Master Thesis Project

Title Data Mining with Monotonicity Constraints
Supervisor Ad Feelders
Related Course(s)  
Description

A common form of prior knowledge in data mining concerns the monotonicity of relations between the dependent and explanatory variables. For example, economic theory would state that, all else equal, people tend to buy less of a product if its price increases. The precise functional form of this relationship is however not specified by theory.

Monotonicity may also be an important model requirement with a view toward explaining and justifying decisions, such as acceptance/rejection decisions. Consider for example a university admission procedure where candidate A scores at least as good on all admission criteria as candidate B, but A is refused whereas B is admitted. Such a nonmonotone admission rule would clearly be unacceptable. Similar considerations apply to selection procedures for applicants for e.g. a job or a loan.
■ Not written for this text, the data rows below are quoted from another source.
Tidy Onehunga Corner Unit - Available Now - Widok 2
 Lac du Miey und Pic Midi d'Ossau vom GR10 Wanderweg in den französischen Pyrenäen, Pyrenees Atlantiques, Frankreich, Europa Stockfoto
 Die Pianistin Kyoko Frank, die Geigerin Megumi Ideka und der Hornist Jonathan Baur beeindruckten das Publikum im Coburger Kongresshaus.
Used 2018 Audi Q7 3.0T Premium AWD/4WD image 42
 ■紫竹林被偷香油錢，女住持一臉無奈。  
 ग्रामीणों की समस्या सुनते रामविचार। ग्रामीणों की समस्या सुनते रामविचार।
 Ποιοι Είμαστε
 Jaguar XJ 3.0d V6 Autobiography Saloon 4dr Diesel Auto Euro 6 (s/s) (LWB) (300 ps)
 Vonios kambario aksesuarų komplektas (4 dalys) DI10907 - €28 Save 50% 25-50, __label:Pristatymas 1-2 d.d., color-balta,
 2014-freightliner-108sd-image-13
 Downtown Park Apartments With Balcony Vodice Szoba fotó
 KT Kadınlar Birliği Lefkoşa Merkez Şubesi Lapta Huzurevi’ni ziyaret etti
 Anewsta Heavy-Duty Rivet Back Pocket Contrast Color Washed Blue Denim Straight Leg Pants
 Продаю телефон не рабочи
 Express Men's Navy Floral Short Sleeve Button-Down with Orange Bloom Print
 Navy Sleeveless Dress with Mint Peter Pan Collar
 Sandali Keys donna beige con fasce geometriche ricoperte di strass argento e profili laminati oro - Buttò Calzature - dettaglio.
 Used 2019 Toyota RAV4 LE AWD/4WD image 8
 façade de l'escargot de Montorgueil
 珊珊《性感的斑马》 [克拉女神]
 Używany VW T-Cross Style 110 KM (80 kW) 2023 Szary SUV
Although the monotonicity requirement is quite common in practice, most data mining algorithms are not able to enforce such a constraint. This is also true for common classification and regression tree algorithms such as C4.5/C5 and CART. We have developed an algorithm for learning monotone classification trees from monotone as well as nonmonotone data (see M. Pardoel: Data Mining with classification trees for problems with monotonicity constraints. INF/SCR-03-15, May 2003). We want to extend this work in several directions:

  • Currently, the algorithm can only be applied to problems for which there is a monotonicity constraint on all variables. For many problems this requirement is too strong: usually there are one or more variables for which the constraint does not apply. The algorithm should be extended to be able to handle such problems.
  • Another interesting extension would be to consider monotone regression trees. Many problems we analysed with monotone classification trees are in fact regression problems, i.e. have a numeric dependent variable. Regression trees are suited to handle such data mining problems.
The project consist of the following activities:
  • Development and implementation of algorithms to learn classification and regression trees with a partial monotonicity constraint.
  • Empirical testing of their performance on real life data sets.
In your work, you will be able to build on the results of the project Data Mining with classification trees for problems with monotonicity constraints. The algorithms should preferrably be implemented in the S (or R) language. If you are familiar with an imperative programming language, you will be able to master the R language quite easily.